- **Task material**

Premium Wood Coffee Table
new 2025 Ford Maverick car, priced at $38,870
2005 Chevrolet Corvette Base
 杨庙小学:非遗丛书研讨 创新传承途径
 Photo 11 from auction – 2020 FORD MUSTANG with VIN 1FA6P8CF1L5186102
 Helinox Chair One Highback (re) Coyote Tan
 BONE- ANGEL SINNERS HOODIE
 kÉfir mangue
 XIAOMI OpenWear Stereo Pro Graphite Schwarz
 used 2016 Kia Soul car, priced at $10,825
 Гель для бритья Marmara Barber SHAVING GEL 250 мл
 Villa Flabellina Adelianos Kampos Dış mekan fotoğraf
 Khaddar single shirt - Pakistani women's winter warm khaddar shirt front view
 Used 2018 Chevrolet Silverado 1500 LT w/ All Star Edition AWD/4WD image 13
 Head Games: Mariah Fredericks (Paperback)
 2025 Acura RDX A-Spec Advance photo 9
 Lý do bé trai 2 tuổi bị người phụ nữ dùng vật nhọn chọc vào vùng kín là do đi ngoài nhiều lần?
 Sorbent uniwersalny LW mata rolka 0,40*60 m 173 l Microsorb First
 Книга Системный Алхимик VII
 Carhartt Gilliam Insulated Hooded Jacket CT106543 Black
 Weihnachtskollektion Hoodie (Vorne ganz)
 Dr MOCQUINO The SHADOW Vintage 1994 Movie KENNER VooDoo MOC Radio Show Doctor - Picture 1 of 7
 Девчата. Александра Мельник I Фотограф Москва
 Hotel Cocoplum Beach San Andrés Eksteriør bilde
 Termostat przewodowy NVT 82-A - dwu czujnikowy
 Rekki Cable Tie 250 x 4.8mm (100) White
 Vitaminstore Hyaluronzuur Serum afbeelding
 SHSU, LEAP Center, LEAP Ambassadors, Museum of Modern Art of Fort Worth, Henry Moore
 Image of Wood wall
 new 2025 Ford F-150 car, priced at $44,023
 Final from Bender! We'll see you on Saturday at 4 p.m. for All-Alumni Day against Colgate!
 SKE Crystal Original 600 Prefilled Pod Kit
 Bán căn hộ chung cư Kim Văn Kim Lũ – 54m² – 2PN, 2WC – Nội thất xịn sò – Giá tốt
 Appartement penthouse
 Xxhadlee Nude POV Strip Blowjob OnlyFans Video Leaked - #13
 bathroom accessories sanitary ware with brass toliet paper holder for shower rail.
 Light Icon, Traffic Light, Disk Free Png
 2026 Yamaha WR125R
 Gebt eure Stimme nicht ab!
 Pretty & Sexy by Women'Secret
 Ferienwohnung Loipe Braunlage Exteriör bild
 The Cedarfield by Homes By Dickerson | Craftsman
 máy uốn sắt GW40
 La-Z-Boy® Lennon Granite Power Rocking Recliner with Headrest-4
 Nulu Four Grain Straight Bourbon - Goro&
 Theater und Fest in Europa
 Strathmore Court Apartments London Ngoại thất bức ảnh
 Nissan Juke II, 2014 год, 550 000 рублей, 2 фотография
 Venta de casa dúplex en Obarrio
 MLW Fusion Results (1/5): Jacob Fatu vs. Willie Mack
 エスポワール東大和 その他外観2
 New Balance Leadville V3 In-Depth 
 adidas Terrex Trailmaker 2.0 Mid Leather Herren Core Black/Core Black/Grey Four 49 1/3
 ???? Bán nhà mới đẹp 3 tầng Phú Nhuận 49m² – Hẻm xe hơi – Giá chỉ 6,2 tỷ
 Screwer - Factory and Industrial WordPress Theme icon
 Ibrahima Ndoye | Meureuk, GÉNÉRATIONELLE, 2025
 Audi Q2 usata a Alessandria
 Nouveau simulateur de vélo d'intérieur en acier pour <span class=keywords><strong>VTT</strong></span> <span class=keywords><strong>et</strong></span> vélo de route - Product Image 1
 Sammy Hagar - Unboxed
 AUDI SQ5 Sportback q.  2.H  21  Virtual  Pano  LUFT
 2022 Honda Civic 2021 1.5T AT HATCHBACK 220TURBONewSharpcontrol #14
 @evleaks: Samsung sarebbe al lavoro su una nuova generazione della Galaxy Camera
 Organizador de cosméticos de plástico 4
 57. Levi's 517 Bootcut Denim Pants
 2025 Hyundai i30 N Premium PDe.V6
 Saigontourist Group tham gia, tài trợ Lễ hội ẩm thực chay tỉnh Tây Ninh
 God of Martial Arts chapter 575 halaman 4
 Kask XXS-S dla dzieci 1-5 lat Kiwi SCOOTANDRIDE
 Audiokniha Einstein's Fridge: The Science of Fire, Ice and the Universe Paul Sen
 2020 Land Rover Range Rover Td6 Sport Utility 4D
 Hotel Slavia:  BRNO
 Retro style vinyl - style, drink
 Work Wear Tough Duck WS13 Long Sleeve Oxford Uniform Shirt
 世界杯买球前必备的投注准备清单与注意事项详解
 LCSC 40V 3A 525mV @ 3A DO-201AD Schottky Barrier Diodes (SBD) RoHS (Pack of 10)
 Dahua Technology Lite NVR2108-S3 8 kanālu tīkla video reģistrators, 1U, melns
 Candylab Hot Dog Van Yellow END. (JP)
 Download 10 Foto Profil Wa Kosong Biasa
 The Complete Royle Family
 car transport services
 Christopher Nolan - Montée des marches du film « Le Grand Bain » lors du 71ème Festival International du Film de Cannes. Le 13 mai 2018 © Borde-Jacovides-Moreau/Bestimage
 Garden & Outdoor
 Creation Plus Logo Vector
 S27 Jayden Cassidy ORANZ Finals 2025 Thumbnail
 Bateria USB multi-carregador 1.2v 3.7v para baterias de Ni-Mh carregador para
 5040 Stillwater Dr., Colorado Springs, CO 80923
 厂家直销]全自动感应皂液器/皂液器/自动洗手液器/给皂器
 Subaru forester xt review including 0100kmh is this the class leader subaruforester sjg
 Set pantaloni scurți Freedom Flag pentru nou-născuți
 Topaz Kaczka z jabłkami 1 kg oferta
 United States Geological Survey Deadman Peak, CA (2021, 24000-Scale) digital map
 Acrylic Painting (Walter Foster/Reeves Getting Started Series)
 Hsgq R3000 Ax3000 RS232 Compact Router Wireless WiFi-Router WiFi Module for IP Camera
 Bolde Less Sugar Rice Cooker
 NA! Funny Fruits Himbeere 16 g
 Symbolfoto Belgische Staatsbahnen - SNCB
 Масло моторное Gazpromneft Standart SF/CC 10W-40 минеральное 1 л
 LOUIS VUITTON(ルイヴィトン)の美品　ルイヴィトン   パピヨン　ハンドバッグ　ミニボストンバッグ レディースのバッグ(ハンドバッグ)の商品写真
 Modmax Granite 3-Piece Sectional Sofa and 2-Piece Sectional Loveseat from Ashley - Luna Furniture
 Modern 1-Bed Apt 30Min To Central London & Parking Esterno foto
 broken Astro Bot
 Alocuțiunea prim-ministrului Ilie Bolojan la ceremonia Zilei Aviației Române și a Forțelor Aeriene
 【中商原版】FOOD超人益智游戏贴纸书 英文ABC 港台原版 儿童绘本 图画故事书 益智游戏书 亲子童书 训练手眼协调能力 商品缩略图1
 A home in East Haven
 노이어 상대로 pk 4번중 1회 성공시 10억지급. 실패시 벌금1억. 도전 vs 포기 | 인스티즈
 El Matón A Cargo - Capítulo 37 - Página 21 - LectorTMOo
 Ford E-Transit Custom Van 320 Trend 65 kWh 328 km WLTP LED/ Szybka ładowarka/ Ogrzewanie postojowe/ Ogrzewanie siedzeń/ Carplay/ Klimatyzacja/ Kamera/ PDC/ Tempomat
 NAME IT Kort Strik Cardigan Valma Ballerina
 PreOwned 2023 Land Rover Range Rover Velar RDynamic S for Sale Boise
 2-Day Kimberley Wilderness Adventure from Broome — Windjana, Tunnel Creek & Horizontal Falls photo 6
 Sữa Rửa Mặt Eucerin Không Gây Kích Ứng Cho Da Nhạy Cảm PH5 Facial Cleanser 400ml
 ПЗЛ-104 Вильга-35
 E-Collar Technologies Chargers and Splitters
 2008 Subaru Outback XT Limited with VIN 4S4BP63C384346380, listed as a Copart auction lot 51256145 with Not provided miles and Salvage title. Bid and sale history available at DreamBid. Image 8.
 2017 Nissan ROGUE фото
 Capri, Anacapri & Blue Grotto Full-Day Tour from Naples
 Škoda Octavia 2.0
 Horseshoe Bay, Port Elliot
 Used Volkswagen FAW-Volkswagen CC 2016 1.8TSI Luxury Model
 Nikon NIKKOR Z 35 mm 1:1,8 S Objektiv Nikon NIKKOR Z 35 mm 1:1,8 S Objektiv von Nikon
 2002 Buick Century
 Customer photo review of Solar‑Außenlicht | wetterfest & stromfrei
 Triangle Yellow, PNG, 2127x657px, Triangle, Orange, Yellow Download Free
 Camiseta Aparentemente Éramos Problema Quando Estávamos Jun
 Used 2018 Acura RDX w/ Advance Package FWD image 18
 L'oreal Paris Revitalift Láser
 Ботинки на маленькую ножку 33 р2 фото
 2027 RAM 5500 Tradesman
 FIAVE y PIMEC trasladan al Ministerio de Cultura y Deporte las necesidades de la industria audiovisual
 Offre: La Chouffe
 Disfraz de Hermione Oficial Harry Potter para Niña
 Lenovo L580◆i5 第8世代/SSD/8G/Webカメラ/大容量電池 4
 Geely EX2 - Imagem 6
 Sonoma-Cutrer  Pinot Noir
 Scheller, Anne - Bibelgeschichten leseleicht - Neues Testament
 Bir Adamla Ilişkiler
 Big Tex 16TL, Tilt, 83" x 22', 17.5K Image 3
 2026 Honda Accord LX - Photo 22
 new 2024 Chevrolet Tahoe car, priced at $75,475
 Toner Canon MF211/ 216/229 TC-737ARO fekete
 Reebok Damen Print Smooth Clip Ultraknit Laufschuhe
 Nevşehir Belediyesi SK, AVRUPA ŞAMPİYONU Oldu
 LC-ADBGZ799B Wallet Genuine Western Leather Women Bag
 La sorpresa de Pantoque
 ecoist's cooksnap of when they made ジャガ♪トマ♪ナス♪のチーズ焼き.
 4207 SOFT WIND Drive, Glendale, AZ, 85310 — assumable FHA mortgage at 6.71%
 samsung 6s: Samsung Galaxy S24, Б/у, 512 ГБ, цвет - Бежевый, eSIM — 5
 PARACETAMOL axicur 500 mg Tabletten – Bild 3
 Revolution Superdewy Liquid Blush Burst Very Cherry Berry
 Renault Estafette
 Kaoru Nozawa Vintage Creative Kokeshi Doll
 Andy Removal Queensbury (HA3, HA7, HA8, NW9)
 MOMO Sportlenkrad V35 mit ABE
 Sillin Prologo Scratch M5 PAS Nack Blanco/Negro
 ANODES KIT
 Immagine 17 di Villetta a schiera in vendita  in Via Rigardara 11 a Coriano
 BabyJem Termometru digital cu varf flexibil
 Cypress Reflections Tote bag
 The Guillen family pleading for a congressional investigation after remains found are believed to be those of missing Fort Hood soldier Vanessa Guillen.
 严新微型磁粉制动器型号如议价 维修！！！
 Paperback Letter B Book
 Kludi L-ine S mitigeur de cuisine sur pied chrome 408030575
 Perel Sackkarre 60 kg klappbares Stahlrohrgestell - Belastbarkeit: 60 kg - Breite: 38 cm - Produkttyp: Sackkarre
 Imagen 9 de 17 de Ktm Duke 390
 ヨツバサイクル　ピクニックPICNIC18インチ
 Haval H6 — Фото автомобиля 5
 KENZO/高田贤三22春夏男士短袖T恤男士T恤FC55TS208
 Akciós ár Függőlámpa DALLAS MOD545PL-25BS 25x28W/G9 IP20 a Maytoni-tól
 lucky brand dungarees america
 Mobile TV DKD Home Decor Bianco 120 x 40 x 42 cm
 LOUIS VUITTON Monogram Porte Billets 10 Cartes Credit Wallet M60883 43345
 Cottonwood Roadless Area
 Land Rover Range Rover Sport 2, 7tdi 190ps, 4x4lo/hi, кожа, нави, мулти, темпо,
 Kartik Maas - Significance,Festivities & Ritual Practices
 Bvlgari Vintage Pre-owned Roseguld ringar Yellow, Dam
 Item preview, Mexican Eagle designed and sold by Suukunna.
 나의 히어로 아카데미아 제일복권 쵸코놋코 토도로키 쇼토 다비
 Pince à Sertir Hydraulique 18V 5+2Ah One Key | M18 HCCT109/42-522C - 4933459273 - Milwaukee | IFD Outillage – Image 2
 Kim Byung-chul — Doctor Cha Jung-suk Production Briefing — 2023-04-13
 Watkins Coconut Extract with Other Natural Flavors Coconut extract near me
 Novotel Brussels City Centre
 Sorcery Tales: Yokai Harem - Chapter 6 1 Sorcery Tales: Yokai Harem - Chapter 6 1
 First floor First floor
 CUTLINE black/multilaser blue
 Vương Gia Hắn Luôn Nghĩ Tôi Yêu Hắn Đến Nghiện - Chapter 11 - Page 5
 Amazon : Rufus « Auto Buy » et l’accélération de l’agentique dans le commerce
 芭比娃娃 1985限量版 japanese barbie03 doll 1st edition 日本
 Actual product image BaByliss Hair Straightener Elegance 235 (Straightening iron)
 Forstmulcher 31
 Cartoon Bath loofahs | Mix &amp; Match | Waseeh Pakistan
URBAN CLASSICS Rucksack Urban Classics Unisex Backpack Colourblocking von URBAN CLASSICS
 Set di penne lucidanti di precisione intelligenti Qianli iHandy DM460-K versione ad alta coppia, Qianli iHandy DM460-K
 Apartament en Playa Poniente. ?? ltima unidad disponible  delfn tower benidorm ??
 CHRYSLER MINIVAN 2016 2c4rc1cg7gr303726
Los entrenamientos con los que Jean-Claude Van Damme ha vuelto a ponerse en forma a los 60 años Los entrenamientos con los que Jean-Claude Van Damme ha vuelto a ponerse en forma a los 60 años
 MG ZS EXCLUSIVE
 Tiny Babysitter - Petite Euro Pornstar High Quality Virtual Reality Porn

- **Exercise description**
Go through the material above line by line and state how many lines contain "Honda". Give only the number.

- **Task response**
2